Just what is 'A big database'? [closed]

Ok, dumb question I know but I see the nebulous comment 'a large database' as well as small and medium and I wonder just what that means. Can someone define what a small, medium and large database is for us SQL neophytes?


Solution 1:

There isn't a threshold where a small database becomes medium or a medium database becomes large. Generally, when I hear these terms, I think of particular orders of magnitude in terms of total records being stored.

  • Small: Fits in a spreadsheet.
  • Medium: Fits in memory on a commodity server.
  • Large: Fits in a commodity cloud offering.
  • Very large: Fits in a specialized environment; unusual storage, latency, or throughput characteristics.

As poster dkretz suggested, you could also think about it in terms of the properties each kind of database has. Categorizing it this way, I'd say:

  • Small: Performance is not a concern. Your queries run fine without making any special optimizations. You see only a marginal performance difference when using front-line enhancements like indexes.

  • Medium: Your database probably has one or more staff that are assigned part-time to its maintenance and care. These people pay attention to the database's health; their primary administrative responsibility is to prevent unacceptable performance problems and minimize downtime.
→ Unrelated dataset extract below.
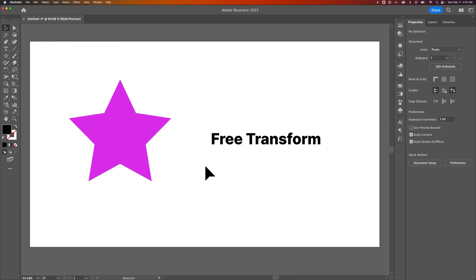If you work in Photoshop, you might be familiar with something called Free Transform. In Photoshop, you press Command or Control-T, and that will allow you to transform an object. So scale it up and down, rotate it, and even stretch and skew it.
  • Large: Probably has dedicated staff member(s) whose job is to work on the database and improve performance, as well as make sure that application changes don't cause schema breakage over the lifetime of the database. Metrics about the health and status of the database are monitored closely. Significant expertise is required to understand and perform optimizations.

  • Very large: The database stores vast amounts of information that must be readily accessible. Performance optimizations are absolutely required to wring every last ounce of speed out of each queries, and without it, the database would be much less usable or even impossible to use. The database may be using sophisticated or innovative replication or clustering techniques, pushing the boundaries of current technology.

Note that these are entirely subjective, and that someone may very well have a perfectly legitimate alternate definition of "large".

Solution 2:

One way to figure it is by observing your test queries.

A small database is one where indexes don't matter.

A medium database is one where queries take longer than one second if you don't have an appropriate index in place.

A big database is one where queries often take hours to optimize, using a combination of query design, index modification, and many test cycles.

Solution 3:

Large database are ones that force you have to stop using relational databases.

In other words, a normalized, relational database where all the indexes in the world can't help you meet your response time requirements because of the massive JOINs.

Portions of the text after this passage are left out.